Lil’ Wayne hasn’t been known to shy away from bad lyrics, but his most recent contribution, some lines on an unofficial remix of Future’s “Karate Chop”, certainly takes the cake for offensiveness: “Pop a lot of pain pills / ‘Bout to put rims on my skateboard wheels / Beat that pussy up like Emmett Till.” For those who may not get the reference, Emmet Till was an African-American 14-year-old who was murdered in 1955, allegedly for flirting with a white woman. So you can understand how comparing him to beaten pussy may not be the most sensitive thing in the world. Epic records has already apologized for the offending lyric, saying they “regret the unauthorized remix version of Future’s “Karate Chop”, which was leaked online and contained hurtful lyrics,” and that they are making every effort to take down the song out of respect for Till’s memory. Future has said he believes Wayne, who often free-associates his raps, meant no harm by the lyric. “The record it was done from a good place, good art, he ain’t have no bad intentions when he was thinking about it like that.” Till’s cousin, Airicka Gordon-Taylor, has requested the line be removed from the song, and that Wayne issue an apology to the Till family, a request that has as of yet remained unfulfilled.
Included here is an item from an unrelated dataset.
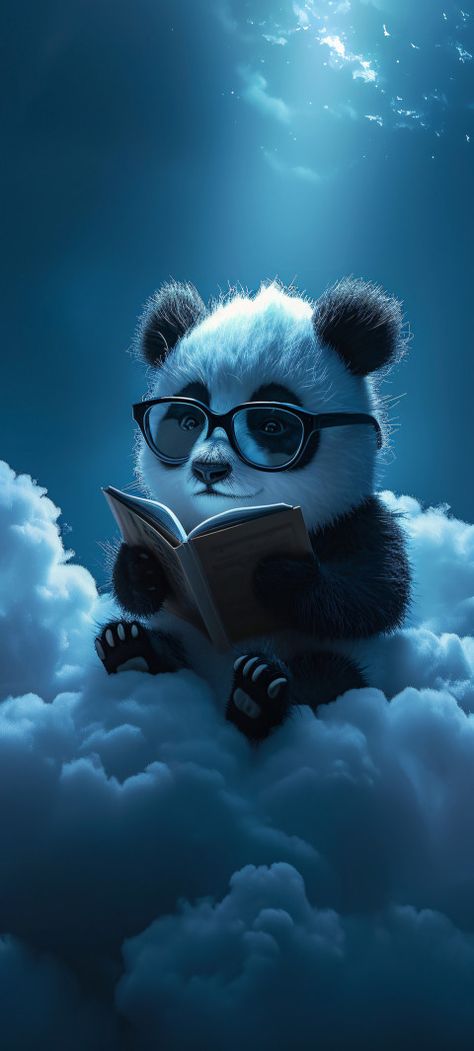 "Panda Wallpaper - Cute Panda Reading a Book on Phone" Panda Bears Wallpaper, Bears Wallpaper, Panda Wallpaper, Unique Pictures, Panda Bears, Panda Wallpapers, Cool Wallpapers, Reading A Book, On Phone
The new frontrunner for the “most ridiculous music feud of 2013” award goes to Black Keys drummer Patrick Carney and his new arch nemesis, Justin Bieber. It all started when a TMZ reporter interviewed Carney after the Grammys on Feb. 10. when asked what he thought of Bieber not being nominated for anything this year. “He’s rich, right?” Carney replied, adding, “Grammys are for music, not for money, and he’s making a lot of money. I don’t know. He should be happy, I guess.” Evidently, Bieber caught wind of this, and two days later tweeted the meanest thing a Canadian teen idol could possibly say: “the black keys drummer should be slapped around haha.” Still, the sharp sting of a tweeted slap, even one that’s been retweeted over 30 000 times, will most likely be softened by the Black Keys’ three Grammy wins.


Well why else would you play Metallica?

In a lengthy piece in Esquire magazine, the man who shot Bin Laden revealed an interesting intimidation tactic his group used: playing Metallica’s music to “soften up” people before the interrogation. Even more interesting is the band’s reaction once they found out. “Metallica got wind of this and they said, ‘Hey, please don’t use our music because we don’t want to promote violence’,” Said the Navy Seal, adding what we’re all thinking at this point: “I thought, Dude, you have an album called Kill ‘Em All.” Luckily for the Seals, a Christian metal band called Demon Hunter was more than willing to help them out, sending CDs and patches to the team. “I wore my Demon Hunter patch on every mission,” the Seal said. “I wore it when I blasted Bin Laden.” Now what could be more metal than that?